I’ve written (with some help from gemini.google and the check_mk chatbot) a plugin to add some slurm grid checks on my slurm controller node. The output in check_mk_agent looks like:
<<<slurm>>>
0 slurm_node_blade-04-01 - OK - blade-04-01 is idle
0 slurm_node_blade-04-02 - OK - blade-04-02 is idle
0 slurm_node_blade-04-03 - OK - blade-04-03 is idle
<snipped out 89 other nodes>
0 slurm_node_states idle_nodes=91|mixed_nodes=0|allocated_nodes=0|down_nodes=0|other_nodes=0 - OK - All nodes are idle, mixed or allocated.

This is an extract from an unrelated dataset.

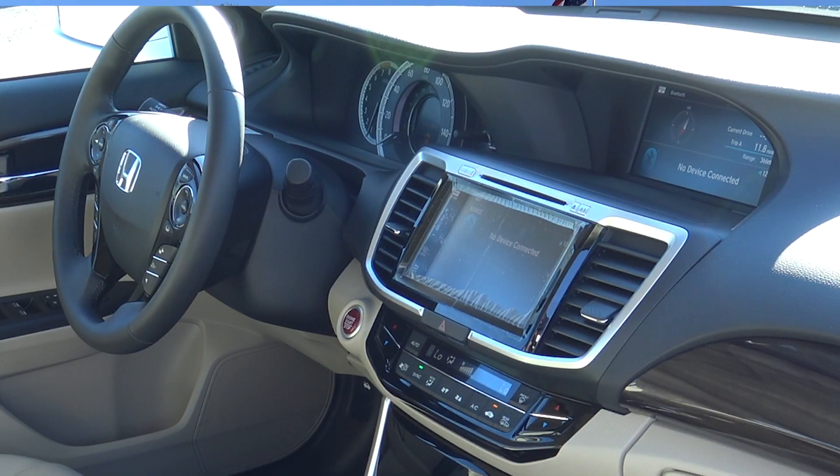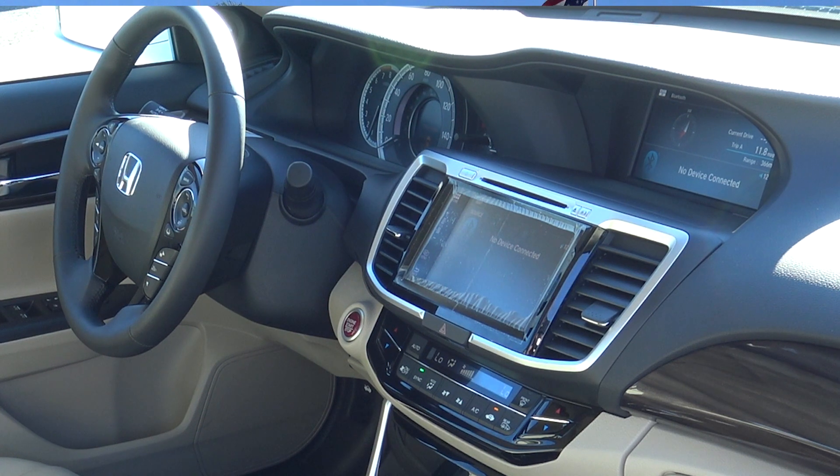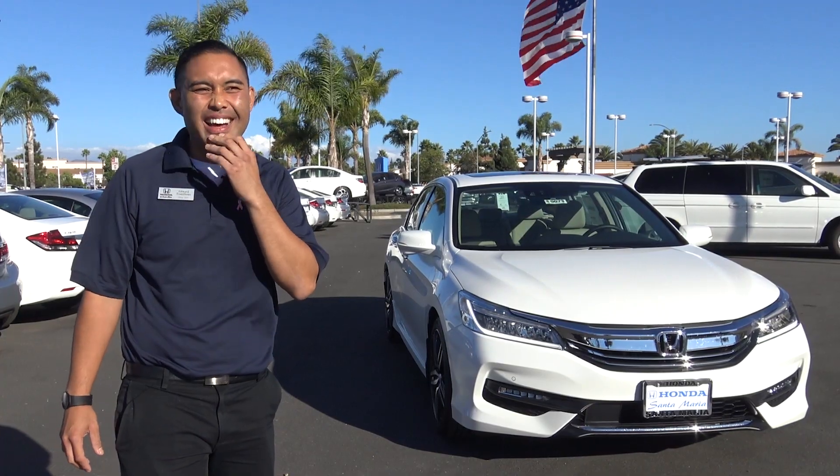You got a whole new display, which will allow Apple CarPlay and Android Auto. Just a lot of cool stuff.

0 slurm_slurmctld_service - OK - slurmctld on gridboss is active.
That’s working nicely. Next step is to get check_mk to see the section and inventory the services. That’s where I’m getting stuck. The python code that I’m getting out of gemini and chatbot seems okay but running a new inventory on the client never shows any slurm services.
Eventual finish line goal is to have all the nodes monitored for their state within the slurm grid. Keep an eye on the slurmctld service, and provide some perf data about states in a color codes stacked area graph.
My first run at this was with a local check that worked but I couldn’t get the graph part of it working. Always ended up with separate graphs for the five metrics. Decided to try and work up a plugin to see if that would yield different results and hit this roadblock.
Gonna revert to the local checks for now and hope somebody can tell me where I’m going wrong.
The current version that I’ve gotten to is:
/opt/omd/sites/cmk7309/local/lib/python3/cmk_addons/plugins/slurm/agent_based/slurm.py
slurm.py (1.7 KB)
The site is 2.4.0p11.cre running on an Alma Linux 9.6 system.